Je vis dans un vide rempli. Un vide pas si inoccupé que ça. Comme si j’avançais dans un espace libre composé de parois protectrices. Comme si j’errais librement et sans crainte grâce à un ange gardien armé d’une confiance et d’une compréhension irréprochables. Il a une force inouïe qui empêche mes chutes. Des réflexes inégalés qui font rebondir mes faiblesses, avant même qu’elles ne faiblissent. Chaque fois que je me sens basculer, me voilà à nouveau debout, bien droite et solide. Je ne sais même plus ce qu’est s’écorcher les genoux, se frapper le front contre un mur.
J’étais prisonnière de ma propre vie. Voilà enfin que je me dirige vers la liberté. Je suis de passage dans ce corridor qui sépare ces deux vies. Ce corridor gris qui sépare le noir du blanc. Ce corridor sans danger. Il est juste effrayant, par moment.
Cette traversée, je la dois à cet homme à qui j’ai entrouvert la porte de mon cœur. C’est lui qui me souffle à l’oreille ces paroles réconfortantes. Ces mots encourageants qui me poussent à avancer. C’est lui qui me redonne la force que je croyais avoir perdue. C’est lui qui m’ouvre les yeux.

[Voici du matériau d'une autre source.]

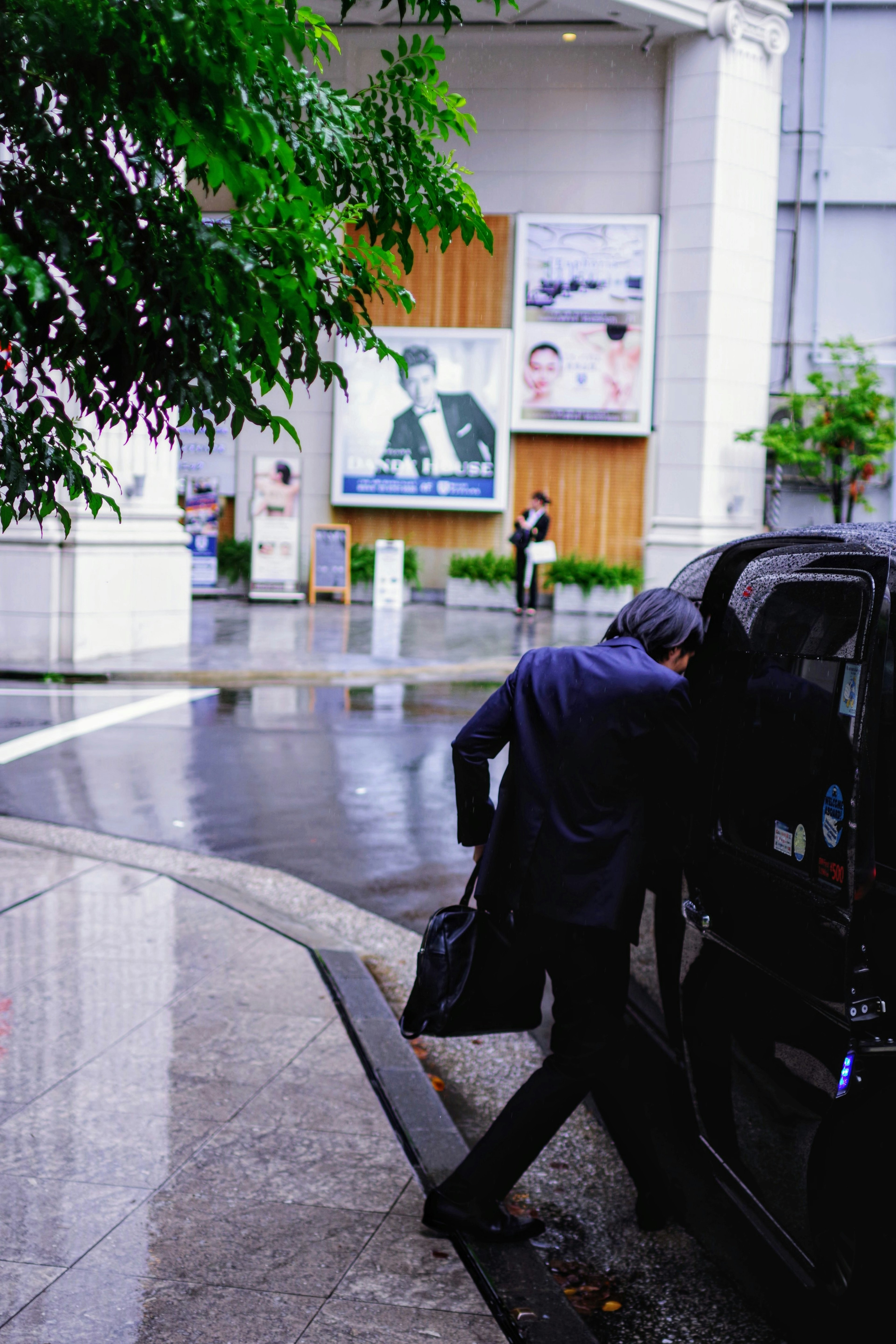 穿着西装的男人在雨中上车，背景有广告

Il en a tellement fait pour moi et il en fait toujours autant aujourd’hui, sans le savoir. Il ne sait pas tout ce qu’il a changé en moi. Il ne sait pas tout ce qu’il a réussi à déterrer. Tout ce qu’il a bouleversé. Pour lui, c’est naturel. C’est instinctif, car il aime.
C’est tout cet amour que j’ai de la difficulté à accepter. Il y en a partout. Dans chaque caresse, dans chaque regard, dans chaque syllabe. Je n’arrive pas à croire que, moi, j’ai droit à tout ça. Qu’ai-je fait pour mériter son amour? Qu’ai-je de plus à lui offrir?
Or, j’ai appris à l’accueillir. Petit à petit, je savoure chaque preuve de tendresse. Je respire chaque souffle d’amour qui vient vers moi. Depuis, je me sens nourrie. Je suis pleine d’amour et je continue à m’en gaver. Je n’ai plus de fond, car j’ai pris goût à ce sentiment.
C’est tellement fort que j’ai de la misère à exprimer mon amour en retour. Comme si un « je t’aime » ne suffisait pas. Dans ses bras, je crie intérieurement comme une petite fille. Je capote, littéralement. Quand il me dit « Love you », je fonds. Quand il me regarde comme s’il me découvrait pour la première fois, je me dis que je peux maintenant mourir en paix.
Je vis dans un trop-plein d’amour. Un trop-plein qui se répandra sur ma nouvelle vie. La traversée du corridor achève. Et, elle débouchera sur la sortie de secours que je réussirai enfin à ouvrir grâce à ce débordement d’amour.